As a graduate teaching assistant, I strive to provide the best possible learning environment and experience for my students. My priority is to foster true learning in (and real engagement from) my students. The material may not be exciting, or groundbreaking, or easy to understand, but all I ask from my students is consistent effort and a commitment to put some effort into the material and the class. It is through this approach that I can help my students grow their abilities to read, write and think critically. Critical thinking skills carry across disciplines, making the acquisition of such a skill highly valuable. I recognize that value, and I focus on encouraging students to push themselves past the easy answers, and to explain why they believe in their thoughts or answers. With regards to assessment, I have come to understand that student grades are not just performance assessments, but rather another form of instruction. I can use feedback on student assignments to show students how to improve and progress as learners and writers. Often, writing proficiency is defined by the absence of error in the text; however, I believe a better assessment of student writing considers the content presented first, and the grammar and mechanics do not always indicate proficiency in writing.

The act of writing follows a process, but unlike other activities that follow processes, there are no set formulas to follow to create the perfect piece of writing. Unlike cooking, which follows specific steps, writing takes place in the mind, where thinking and composing occur simultaneously. Therefore, the best writing instruction takes into account the formative process and teaches students models as opposed to formulas. One of the best ways to learn writing is to read great writing by others, as this teaches students how others formulate (compose) their thoughts into writing. I sincerely believe that to learn writing skills, students must also learn how to read what others have written, and from those writings students must be able to critically analyze and create new thoughts.

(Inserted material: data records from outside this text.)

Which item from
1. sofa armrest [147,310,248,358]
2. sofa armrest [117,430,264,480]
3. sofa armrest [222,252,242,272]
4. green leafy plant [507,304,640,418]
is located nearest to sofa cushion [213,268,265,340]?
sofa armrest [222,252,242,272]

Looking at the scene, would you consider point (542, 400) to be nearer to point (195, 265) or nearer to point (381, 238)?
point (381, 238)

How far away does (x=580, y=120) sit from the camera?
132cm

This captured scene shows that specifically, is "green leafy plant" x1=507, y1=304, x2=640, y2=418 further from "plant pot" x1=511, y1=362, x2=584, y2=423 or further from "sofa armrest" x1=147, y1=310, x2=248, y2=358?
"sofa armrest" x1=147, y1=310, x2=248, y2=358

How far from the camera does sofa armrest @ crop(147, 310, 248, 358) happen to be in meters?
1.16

Students learn best when they take responsibility for their own education. When working to teach students how to write, I firmly believe in the ability of each and every student to already write before they become a part of my class. Each student knows how to communicate their ideas effectively and understandably to an audience; this holds true especially now as writing continues to gain ascendency in literacy development, and as students are more likely to write more outside the classroom than within it. I think an effective approach to encourage student learning recognizes the reality of extracurricular writing and the existing abilities of students, and encourages students to learn from their literacy experiences gained within and outside the classroom. Providing students with assignments that respect these experiences encourages individuals to take their education into their own hands.